Miccia dell’insurrezione è stato l’appello lanciato da Mohammed Ali, imprenditore edile e aspirante attore ora in esilio in Spagna, che, dopo aver lavorato a stretto contatto con l’esercito, ha iniziato a denunciare la corruzione, le violenze e le nefandezze dello Stato e dello stesso Presidente nell’unico luogo dove è ancora possibile esprimersi in libertà: i social network.
Un’ampia ondata di arresti
La risposta delle forze dell’ordine non si è fatta attendere: da quel venerdì fino ad oggi le autorità egiziane hanno preso la decisione di reprimere militarmente ogni protesta, lanciando un’ampia campagna repressiva. Per impedire l’insorgere di nuove proteste, il 27 settembre la polizia egiziana ha istituito posti di blocco informali in cui agenti ed informatori in borghese perquisiscono senza mandato i cittadini, controllandone anche i cellulari in cerca di contenuti sospetti. Pur con motivazioni infondate, questi controlli portano spesso ad arresti. La maggior parte delle indagini, però, è condotta irregolarmente, in quanto basata solo sulla partecipazione o sulla richiesta di partecipazione a proteste pacifiche, con l’arresto di chiunque sia considerato una minaccia con le accuse di “collaborazione con un gruppo terroristico nel raggiungimento dei suoi obiettivi“, “diffusione di notizie false“, “partecipazione a proteste non autorizzate” e “utilizzo dei social media per diffondere informazioni riguardanti un gruppo terrorista“.

Nonostante la dura censura (anche giornalistica) e i rischi che si corrono a fare informazione in Egitto, si è è venuti a conoscenza dell’arresto di oltre 2300 persone, tra le quali almeno 111 minorenni di età compresa tra 11 e 17 anni.
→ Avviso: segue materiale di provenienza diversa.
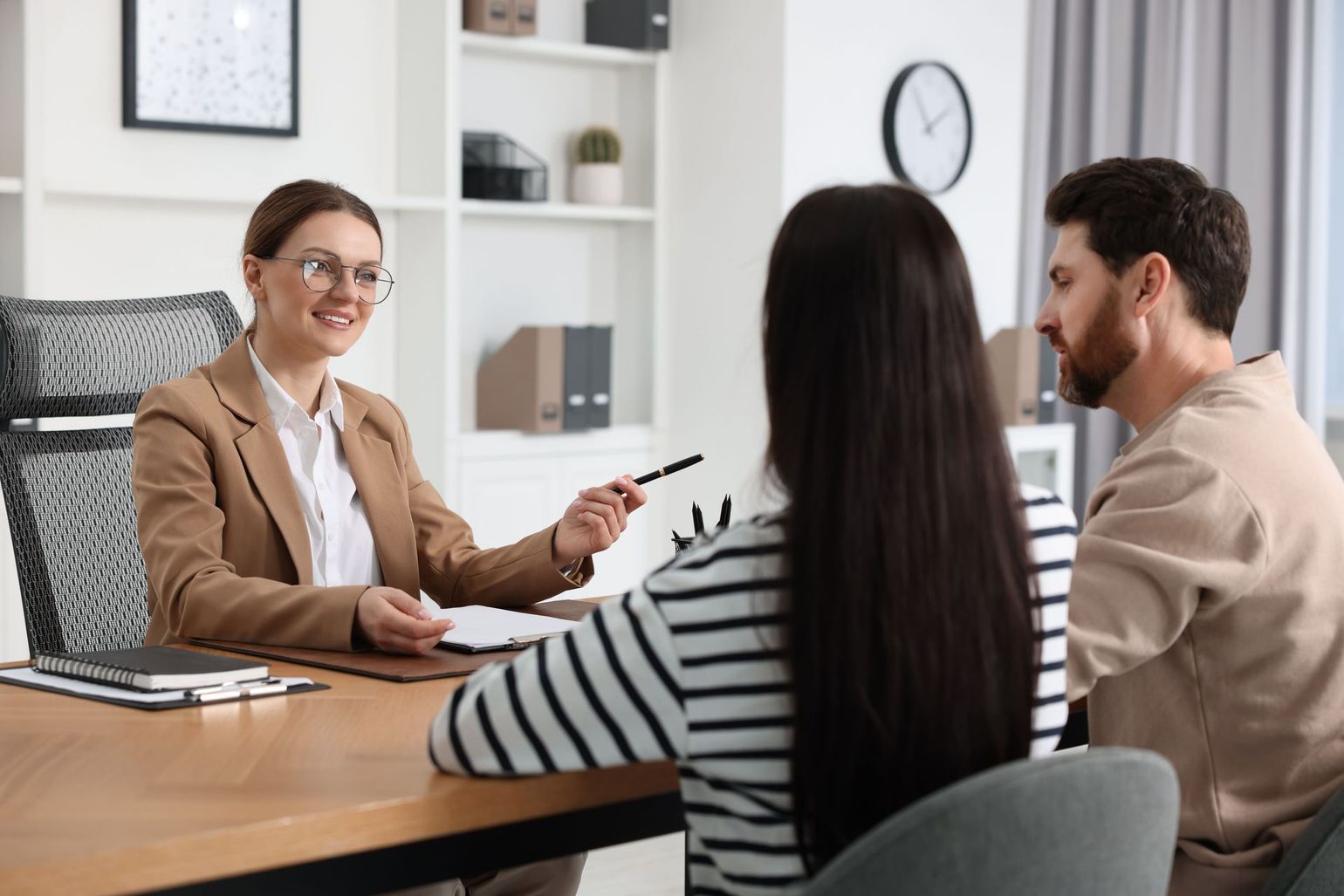 A professional, smiling person in a suit points to a document while consulting with a couple at a desk.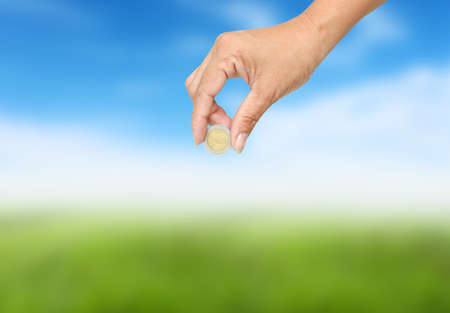 Women hand sent some money  on nature background.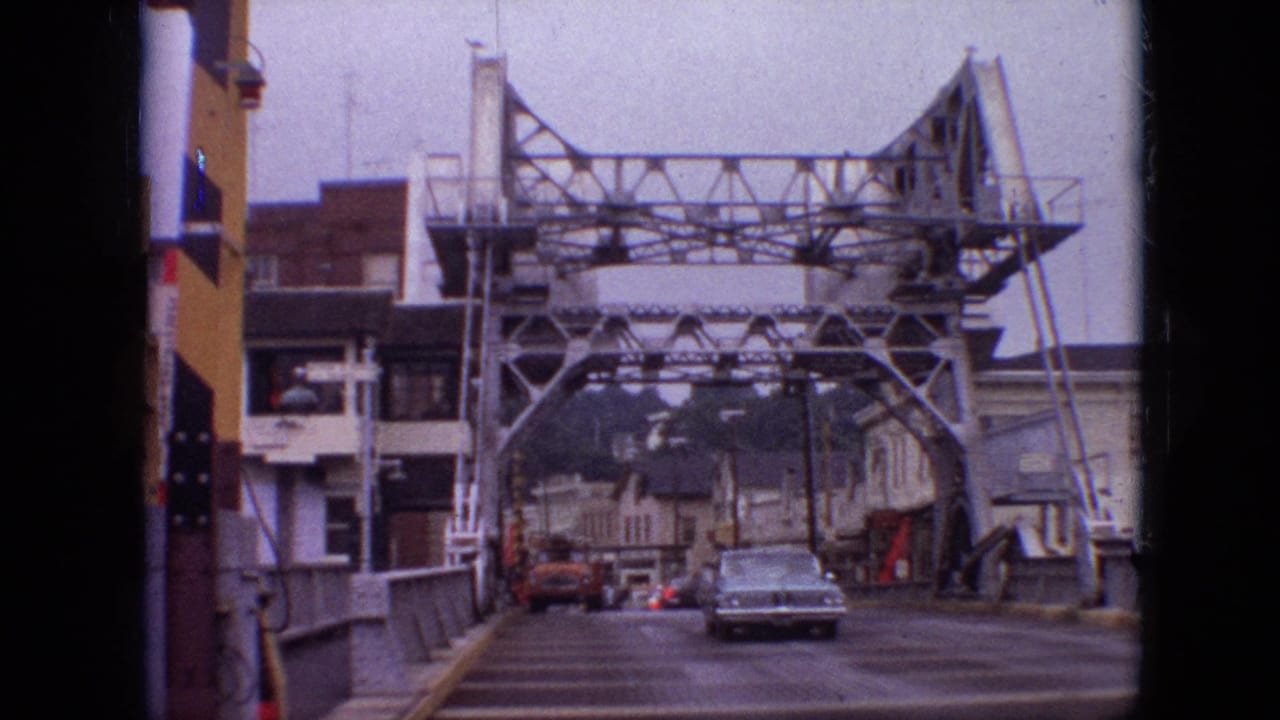 1968 Branson, Missouri 8mm frame showing a light blue vintage sedan driving toward the camera across a steel truss bridge with buildings and distant cars behind it.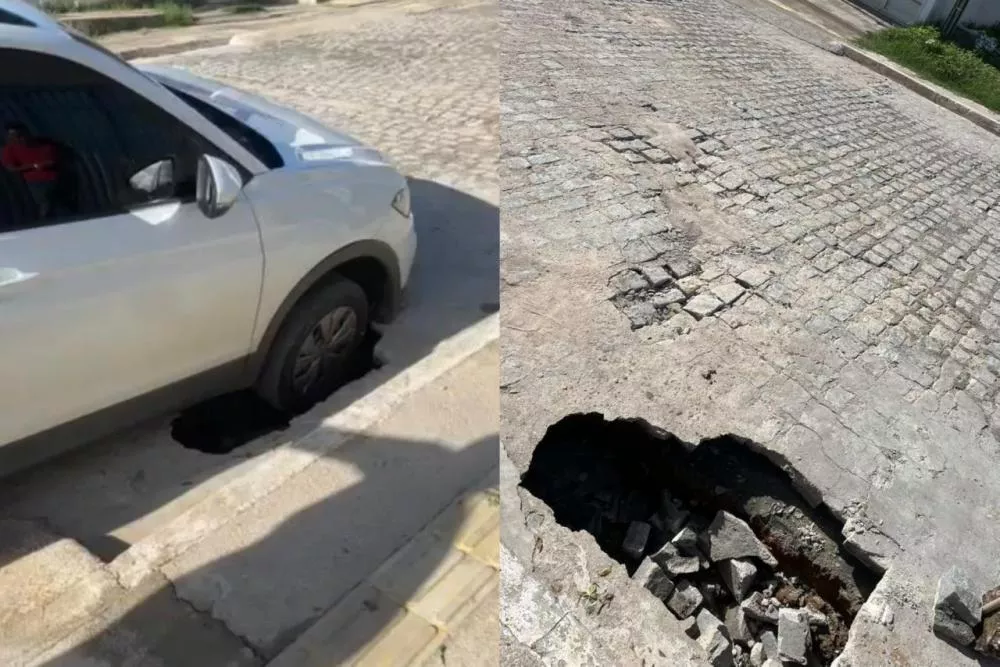 Carro fica preso em buraco após galeria ceder em rua do bairro São Sebastião, em Patos; veja o vídeo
Oltre a esponenti politici, i servizi segreti egiziani hanno sequestrato 10 giornalisti tra cui Khaled Dawoud e Sayed Abdellah; almeno 25 accademici, tra cui i docenti di scienze politiche Hassan Nefea e Hazem Hosny; autori comici e di satira e circa 7 cittadini stranieri, costretti a confessare di cospirare contro il Paese. Sottoposti a misure cautelari vi sono anche avvocati e legali, come Ahmed Sahran e Mohamed Hamdi Younis, entrambi ingiustamente accusati di terrorismo e di rappresentare un rischio per la sicurezza del Paese (tutto questo per aver chiesto al Procuratore generale del Cairo di iniziare un’indagine sulle accuse di corruzione, abuso d’ufficio e malversazione delle politiche di al-Sisi). Vittime della politica del Presidente egiziano sono poi anche ex prigionieri come Alaa Abdel Fattah – attivista politico e ingegnere informatico che aveva già scontato un’ingiusta condanna per aver preso parte, nel 2013, a una protesta pacifica – e Mohamed Ibrahim, fondatore del blog “Ossigeno Egitto”.
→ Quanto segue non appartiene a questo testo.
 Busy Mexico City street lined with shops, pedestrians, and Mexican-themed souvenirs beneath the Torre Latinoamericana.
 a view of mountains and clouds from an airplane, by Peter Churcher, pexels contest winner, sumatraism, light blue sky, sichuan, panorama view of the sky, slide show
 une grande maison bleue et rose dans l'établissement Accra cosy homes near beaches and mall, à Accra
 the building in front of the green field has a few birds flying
Tra le vittime ci sono infine anche organizzazioni per i diritti umani, i cui comunicati stampa sono stati accusati dal Governo di essere politicizzati e privi di fondamento. Questo perché da anni tali organizzazioni sono impegnate nella protezione dei cittadini e dei loro diritti, mettendo in discussione le politiche dello Stato, imputato pubblicamente per il facile utilizzo della tortura, ormai una routine comune in Egitto. In alcuni casi sono state oggetto di forti intimidazioni anche da parte delle forze di sicurezza, come è accaduto ad esempio al centro “El Nadeem”, un centro di riabilitazione per le vittime di violenza.
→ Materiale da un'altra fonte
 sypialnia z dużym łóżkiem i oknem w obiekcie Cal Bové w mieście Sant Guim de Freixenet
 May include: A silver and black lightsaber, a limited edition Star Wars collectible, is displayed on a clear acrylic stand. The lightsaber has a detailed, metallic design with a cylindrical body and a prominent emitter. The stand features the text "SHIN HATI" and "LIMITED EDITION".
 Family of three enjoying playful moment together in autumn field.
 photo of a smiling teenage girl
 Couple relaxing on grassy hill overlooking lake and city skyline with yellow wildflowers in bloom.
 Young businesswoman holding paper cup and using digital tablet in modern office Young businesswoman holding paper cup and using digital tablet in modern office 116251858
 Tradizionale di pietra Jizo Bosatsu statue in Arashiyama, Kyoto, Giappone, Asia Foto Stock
L’Egitto di al-Sisi si è ormai trasformato in un vero e proprio regime dittatoriale. Sebbene alcuni attivisti ed oppositori abbiano lasciato il paese per la paura di finire in carcere, altri, molti, non si sono fatti intimorire e in nome dei propri diritti sono scesi pacificamente in piazza, continuando coraggiosamente a scontrarsi con le autorità e a difendersi contro le ingiustizie.